Registered: 08/11/01
Posts: 7693
Loc: Norfolk, England
That is the GPO No. 746 phone exactly, bar the NZ-specific stampings on the base and the backward dial. Even the connection block is the same as the ones which were used here.

The 746 was introduced around 1967 as a revised version of the 706, the latter having become the standard GPO desk set in the late 1950s when it displaced the old 300-series phones like the one in the other thread.

The most obvious external difference between the 706 and 746 to the casual observer is the shape of the case around the handset area, although obviously there were quite a number of other changes.

706 and 746 refer to the basic desk phones; other numbers in the 700-series were used for wall phones, PBX phones with extra buttons, and so forth.

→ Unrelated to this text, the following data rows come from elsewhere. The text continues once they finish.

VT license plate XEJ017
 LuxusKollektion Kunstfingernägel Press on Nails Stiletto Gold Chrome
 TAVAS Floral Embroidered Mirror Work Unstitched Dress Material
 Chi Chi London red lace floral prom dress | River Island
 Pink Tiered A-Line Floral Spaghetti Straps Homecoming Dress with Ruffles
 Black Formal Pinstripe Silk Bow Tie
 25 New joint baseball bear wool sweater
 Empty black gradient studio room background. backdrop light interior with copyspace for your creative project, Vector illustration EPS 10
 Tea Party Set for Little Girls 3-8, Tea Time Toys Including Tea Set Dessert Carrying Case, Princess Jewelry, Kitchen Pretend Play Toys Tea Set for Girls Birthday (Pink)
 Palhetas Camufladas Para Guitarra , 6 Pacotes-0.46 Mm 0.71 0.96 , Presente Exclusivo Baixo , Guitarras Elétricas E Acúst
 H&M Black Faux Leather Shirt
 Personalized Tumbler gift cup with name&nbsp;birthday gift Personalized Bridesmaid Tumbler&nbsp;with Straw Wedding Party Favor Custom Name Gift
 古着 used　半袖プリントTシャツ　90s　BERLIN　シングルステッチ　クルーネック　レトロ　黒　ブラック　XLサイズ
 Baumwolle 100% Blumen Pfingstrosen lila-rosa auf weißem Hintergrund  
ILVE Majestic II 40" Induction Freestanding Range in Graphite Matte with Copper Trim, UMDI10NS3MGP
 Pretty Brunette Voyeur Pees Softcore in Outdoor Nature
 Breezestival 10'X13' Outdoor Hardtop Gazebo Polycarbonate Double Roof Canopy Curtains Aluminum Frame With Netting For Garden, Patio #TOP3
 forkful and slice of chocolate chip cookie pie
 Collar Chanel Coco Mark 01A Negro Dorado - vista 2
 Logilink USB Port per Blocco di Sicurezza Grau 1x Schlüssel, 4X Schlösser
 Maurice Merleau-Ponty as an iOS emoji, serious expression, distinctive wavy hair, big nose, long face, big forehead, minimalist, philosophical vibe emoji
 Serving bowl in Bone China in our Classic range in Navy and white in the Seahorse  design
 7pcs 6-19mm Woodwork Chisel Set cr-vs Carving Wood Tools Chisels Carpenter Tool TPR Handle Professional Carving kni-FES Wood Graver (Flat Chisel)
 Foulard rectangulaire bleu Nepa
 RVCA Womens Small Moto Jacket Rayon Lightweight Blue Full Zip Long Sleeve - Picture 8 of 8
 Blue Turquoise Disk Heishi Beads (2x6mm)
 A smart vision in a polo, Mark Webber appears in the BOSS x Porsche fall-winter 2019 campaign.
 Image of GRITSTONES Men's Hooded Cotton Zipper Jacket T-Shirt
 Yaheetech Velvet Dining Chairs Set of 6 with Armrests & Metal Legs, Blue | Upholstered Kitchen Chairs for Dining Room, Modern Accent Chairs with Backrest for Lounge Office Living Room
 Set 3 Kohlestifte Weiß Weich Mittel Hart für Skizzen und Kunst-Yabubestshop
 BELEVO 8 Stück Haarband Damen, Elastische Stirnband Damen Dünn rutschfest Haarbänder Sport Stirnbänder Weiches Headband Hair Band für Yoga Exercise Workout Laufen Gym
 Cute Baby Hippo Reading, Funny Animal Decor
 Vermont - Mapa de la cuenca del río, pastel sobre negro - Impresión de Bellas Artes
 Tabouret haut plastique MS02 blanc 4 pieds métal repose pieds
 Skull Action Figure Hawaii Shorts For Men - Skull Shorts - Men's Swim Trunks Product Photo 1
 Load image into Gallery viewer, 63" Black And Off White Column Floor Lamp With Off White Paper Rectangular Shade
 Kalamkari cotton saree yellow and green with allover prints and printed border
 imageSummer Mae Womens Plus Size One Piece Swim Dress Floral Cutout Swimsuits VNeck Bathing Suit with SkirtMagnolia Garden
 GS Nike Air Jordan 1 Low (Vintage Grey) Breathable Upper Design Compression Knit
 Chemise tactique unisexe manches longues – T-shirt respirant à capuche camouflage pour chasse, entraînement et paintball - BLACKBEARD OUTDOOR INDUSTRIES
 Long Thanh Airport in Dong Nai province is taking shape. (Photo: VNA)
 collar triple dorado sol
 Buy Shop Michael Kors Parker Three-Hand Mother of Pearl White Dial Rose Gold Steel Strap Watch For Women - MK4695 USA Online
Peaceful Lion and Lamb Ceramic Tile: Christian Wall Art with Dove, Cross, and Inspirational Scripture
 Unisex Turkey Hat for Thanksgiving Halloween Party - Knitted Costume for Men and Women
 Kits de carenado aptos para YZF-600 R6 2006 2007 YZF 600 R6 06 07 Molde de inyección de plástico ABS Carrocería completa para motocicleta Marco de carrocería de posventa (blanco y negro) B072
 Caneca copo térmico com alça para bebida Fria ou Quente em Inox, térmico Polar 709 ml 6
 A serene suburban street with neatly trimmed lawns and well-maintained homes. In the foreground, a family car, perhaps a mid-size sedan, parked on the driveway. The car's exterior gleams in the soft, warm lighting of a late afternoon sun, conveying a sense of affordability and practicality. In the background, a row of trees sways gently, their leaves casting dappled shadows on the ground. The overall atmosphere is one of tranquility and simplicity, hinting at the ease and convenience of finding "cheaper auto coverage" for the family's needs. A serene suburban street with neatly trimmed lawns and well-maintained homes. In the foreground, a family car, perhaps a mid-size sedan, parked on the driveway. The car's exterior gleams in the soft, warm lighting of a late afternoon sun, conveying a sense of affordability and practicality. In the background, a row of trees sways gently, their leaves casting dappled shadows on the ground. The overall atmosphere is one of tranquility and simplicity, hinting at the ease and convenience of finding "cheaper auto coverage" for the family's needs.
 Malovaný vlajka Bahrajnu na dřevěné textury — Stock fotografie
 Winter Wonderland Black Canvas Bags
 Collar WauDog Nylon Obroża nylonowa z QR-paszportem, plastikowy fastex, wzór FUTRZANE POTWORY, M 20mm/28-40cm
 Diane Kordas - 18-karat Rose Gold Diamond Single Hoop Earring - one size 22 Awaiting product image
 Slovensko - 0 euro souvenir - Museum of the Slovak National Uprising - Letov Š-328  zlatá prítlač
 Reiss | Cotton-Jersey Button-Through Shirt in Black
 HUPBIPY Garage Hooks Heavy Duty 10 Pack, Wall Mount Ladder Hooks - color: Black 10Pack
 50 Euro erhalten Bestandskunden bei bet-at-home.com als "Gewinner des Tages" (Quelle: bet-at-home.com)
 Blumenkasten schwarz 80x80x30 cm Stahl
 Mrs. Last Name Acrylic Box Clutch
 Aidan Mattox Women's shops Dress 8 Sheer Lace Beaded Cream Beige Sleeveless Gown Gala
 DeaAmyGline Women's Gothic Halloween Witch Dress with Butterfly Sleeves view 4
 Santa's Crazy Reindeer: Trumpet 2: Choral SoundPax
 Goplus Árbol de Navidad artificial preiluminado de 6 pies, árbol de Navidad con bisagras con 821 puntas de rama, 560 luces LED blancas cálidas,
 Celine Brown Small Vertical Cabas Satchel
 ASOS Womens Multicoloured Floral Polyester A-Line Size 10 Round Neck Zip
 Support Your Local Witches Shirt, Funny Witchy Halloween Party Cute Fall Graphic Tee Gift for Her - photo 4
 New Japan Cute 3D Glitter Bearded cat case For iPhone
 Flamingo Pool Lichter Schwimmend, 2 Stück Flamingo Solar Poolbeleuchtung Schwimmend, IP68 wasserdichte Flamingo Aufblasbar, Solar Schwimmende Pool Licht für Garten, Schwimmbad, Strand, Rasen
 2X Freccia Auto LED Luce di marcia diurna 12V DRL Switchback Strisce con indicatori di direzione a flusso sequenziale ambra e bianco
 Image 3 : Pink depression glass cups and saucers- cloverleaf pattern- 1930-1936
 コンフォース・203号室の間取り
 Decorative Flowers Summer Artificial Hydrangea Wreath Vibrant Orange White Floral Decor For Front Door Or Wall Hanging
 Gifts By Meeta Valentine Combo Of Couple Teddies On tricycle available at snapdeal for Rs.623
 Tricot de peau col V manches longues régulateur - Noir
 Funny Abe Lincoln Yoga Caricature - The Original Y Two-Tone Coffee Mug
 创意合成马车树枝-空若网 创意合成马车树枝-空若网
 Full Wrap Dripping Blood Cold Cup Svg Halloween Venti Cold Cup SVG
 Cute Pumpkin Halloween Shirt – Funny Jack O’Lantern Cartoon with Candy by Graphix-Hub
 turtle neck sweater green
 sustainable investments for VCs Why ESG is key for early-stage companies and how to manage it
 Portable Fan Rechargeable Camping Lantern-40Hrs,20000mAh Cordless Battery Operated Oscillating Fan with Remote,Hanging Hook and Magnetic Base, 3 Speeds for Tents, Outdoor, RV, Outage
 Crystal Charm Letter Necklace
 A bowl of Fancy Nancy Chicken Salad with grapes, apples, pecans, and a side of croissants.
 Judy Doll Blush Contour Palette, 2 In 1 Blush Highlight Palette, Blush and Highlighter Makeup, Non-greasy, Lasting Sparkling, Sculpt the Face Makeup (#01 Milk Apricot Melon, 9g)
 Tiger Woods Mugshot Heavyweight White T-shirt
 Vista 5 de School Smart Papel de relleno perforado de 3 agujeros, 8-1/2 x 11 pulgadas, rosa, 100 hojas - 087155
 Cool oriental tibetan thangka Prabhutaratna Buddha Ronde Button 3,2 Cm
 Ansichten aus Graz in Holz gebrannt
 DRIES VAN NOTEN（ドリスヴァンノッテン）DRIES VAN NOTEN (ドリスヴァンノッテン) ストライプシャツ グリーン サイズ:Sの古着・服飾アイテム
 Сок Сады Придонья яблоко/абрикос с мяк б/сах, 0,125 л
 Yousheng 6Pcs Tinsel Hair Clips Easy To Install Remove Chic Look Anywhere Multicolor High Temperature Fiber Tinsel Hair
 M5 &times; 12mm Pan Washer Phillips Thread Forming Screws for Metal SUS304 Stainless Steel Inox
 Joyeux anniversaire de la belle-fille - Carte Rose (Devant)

You can see a range of 700-type phones here:
http://www.telephonesuk.co.uk/phones_1960-80.htm


Your phone has the later single-coil ringer, Does it have the bell adjuster on the front too?

The earlier 746 phones used the more common double-winding ringer, like this one .

The "mystery" devices in the black package are actually a type of thermistor, used as part of the regulator circuit (and the green unit you queried is in fact a rectifier package).

As for lighting up, if you look closely at those thermistors in a darkened room with the phone off-hook, you will see that they do actually glow!

Here's the basic 746 schematic:



On the earlier 706 model, the whole regulator circuit was on a separate small plug-in circuit board. This board had contacts on both ends, those on one end just linked across so that the regulator could be bypassed by simply reversing the board in its socket.

Click here for 706 Schematic .




[This message has been edited by pauluk (edited 04-21-2005).]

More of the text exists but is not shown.